First, the oppressed should resort to prayer (vv. 121-124). Pray for a change of location (v. 121). Pray for oppression to cease (v. 122). Continue to look for deliverance (“thy salvation”), and to hope in the word of promise, even if it should delay in coming, for God’s lovingkindness (“thy mercy”) is the loyal love of a covenanted relationship (vv. 123-124). You are His servant–His property. How could He let you go!
It seems to be on the basis of this relationship that the psalmist boldly asks God to become the collateral (“the surety”) that guarantees His own promise to do good to His servant (v. 122). In other words, the psalmist is saying, “If good does not come, may You, O God, be held personally accountable.” How bold! How audacious! What a reminder this is, that believing prayer should respectfully, yet boldly, reason with God on the basis of truth. Even our relative merit should be brought forward (v. 121a). As sinners, we have no absolute merit before God; but as human beings, we often do have rights, having done nothing to deserve such oppression (cf. Romans 4:2). This relative merit should be argued as well.
In all, we should remember that prayer is our first recourse. This stanza has no hint of retaliation, whether verbal or physical. Granted, those with opportunity to become free should become free (1 Corinthians 7:21), and those who need to flee physical abuse should do so (cf. Matthew 10:23), but to repay evil with evil is something forbidden both by precept (Romans 12:19-21) and by our Lord’s very own example under the oppression of the cross (1 Peter 2:21-23). As His slaves, we must not “strive,” but answer oppression with patience, kindness, and non-defensive words, knowing that the oppressor himself is a slave of the devil, and that God may use our response to grant this oppressor repentance unto freedom (2 Timothy 2:24-26). Certainly God heard Stephen’s prayer and saved Saul.

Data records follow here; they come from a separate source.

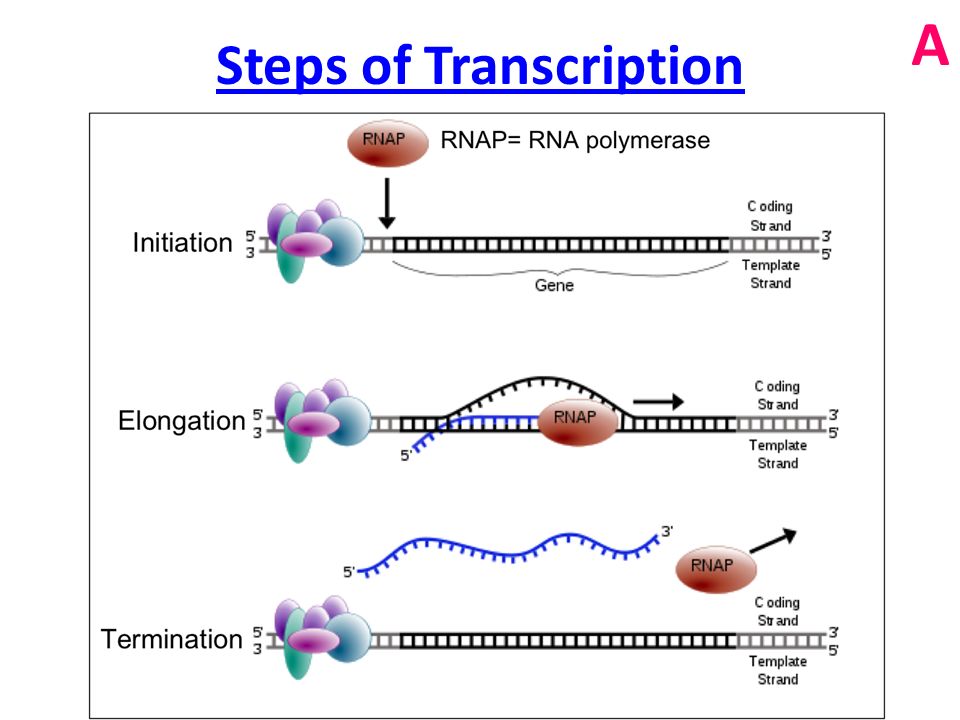 Рнк зависимая. РНК зависимая РНК полимераза. ДНК-зависимая РНК-полимераза. ДНК И РНК полимеразы. Структура ДНК зависимой РНК полимеразы.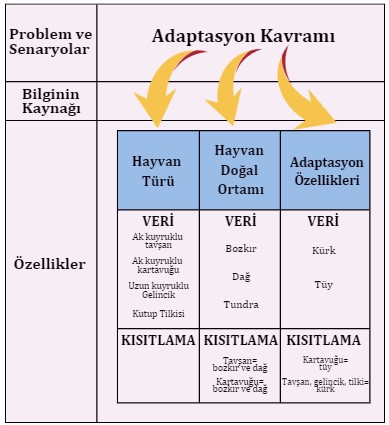 “Şekil 7. Adaptasyon kavramını ölçmeye yönelik Fen Bilgisi dersi madde modeli Kaynak. Gierl ve Haladayna, 2012, 37”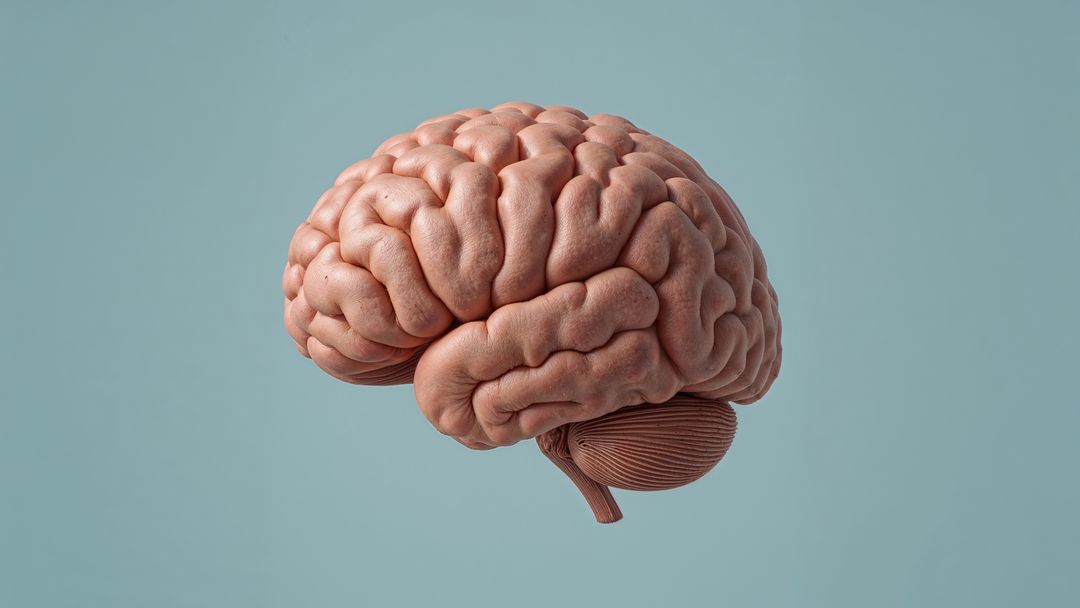 Realistic 3D Anatomical Brain Model in Digital Studio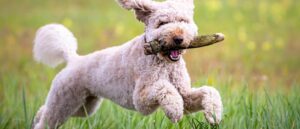 labradoodle-speelt-met-stok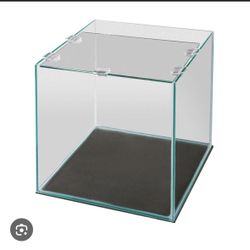 6 Gallon Frameless Cube Aquarium 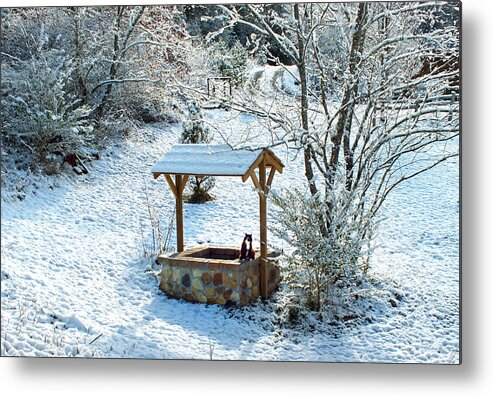 Landscapes Metal Print featuring the photograph Wishing Well in the Snow with Kitty Cat by Duane McCullough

For us under the New Covenant, we should remember that God has given us His very own Spirit as the collateral or pledge that He will make good on His promise to redeem us (Ephesians 1:14). Moreover, our Judah, the Lord Jesus, became surety for us in Egypt, the Land of Oppression, when we, like Benjamin, were threatened with permanent slavery under Pharaoh (Genesis 43:9; 44:44:32). How precious then, that we, like Simeon, can hold up the Lord Jesus by faith, and say to God above, “Lord, now lettest thou thy servant depart in peace, according to thy word: for mine eyes have seen thy salvation” (Luke 2:29-30). Instead of our eyes “finishing off” (a Hebrew idiom), in looking for the “consolation of Israel,” we can gladly say that we have “seen the Lord’s Christ” by faith, and that we will see Him soon face-to-face (cf. Psalm 119:81-82, 123; Luke 2:25, 26).

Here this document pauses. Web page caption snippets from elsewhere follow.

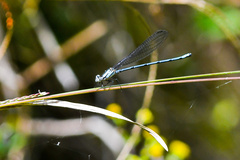 Argia medullaris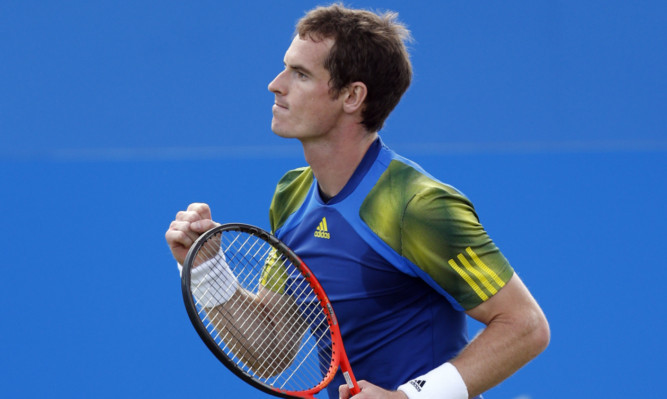 Andy Murray celebrates his victory against Marinko Matosevic.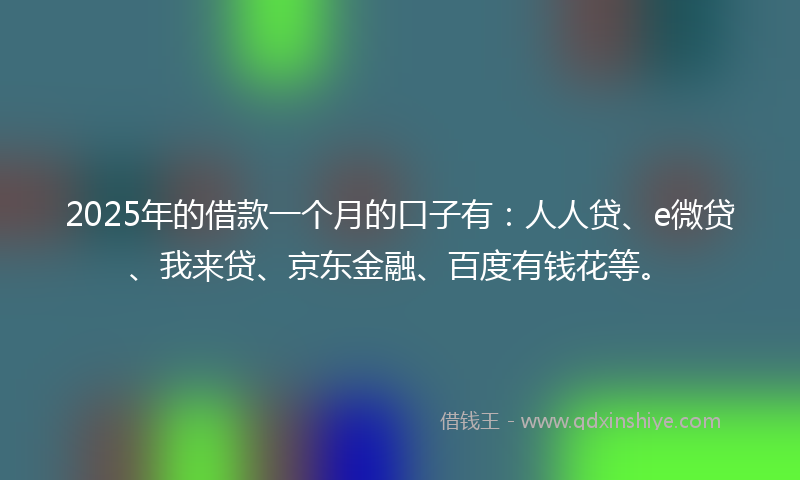 2025年的借款一个月的口子有：人人贷、e微贷、我来贷、京东金融、百度有钱花等。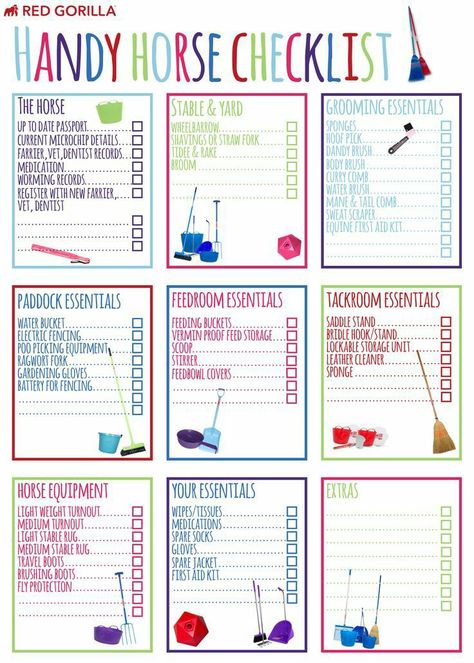 First Horse Checklist, Horse Needs, Horse Checklist, Student Checklist, Feed Room, Diy Horse Barn, Horse Barn Ideas Stables, Horse Lessons, Ranch Ideas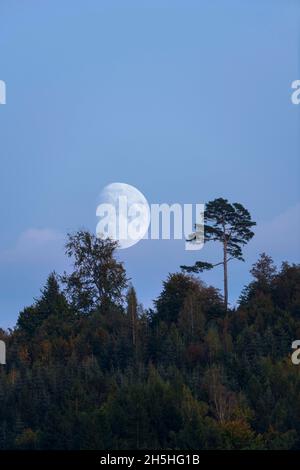 Wald mit Kiefern, Mond, Baden-Württemberg, Deutschland Stockfoto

Second, the oppressed should resort to precision (vv. 125-128). Contrary to our intuitions, prayer for deliverance is not enough to counteract oppression. As slaves of the Lord Jesus, we not only belong to Him, and thus expect deliverance, but we also must obey Him–not just in generalities, but in the kind of precision that requires divinely-given discernment (v. 125; cf. Philippians 1:9; Hebrews 5:14). Moreover, as servants of such a gracious and good Master, we love His commandments more than money, finding His orders more precious and beautiful than 24-karat gold (v. 127).

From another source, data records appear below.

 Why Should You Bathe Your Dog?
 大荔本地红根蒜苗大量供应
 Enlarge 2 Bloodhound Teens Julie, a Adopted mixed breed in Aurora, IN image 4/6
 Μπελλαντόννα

This attitude stands in stark contrast to the autonomous proud, who oppress others under the guise of self-made law. Like both the Pharisees, who nullified the commandments of God with man-made technicalities (cf. Matthew 15:6), and the chief priests, who justified the murder of Jesus on the basis of expedience (John 11:50), oppressors justify their oppression in their own eyes (cf. Proverbs 16:2; 21:2). To us, who are servants of a perfect Lord, all His commands are perfectly straight (v. 128); and since we love them more than beautiful gold, we are loath to mar them with even a slight twist in order to justify our own disobedience. Only love gives such attention! May all the oppressed in Christ, who are His slaves more than they are men’s slaves, resort to such looking prayer and to such loving precision! Amen.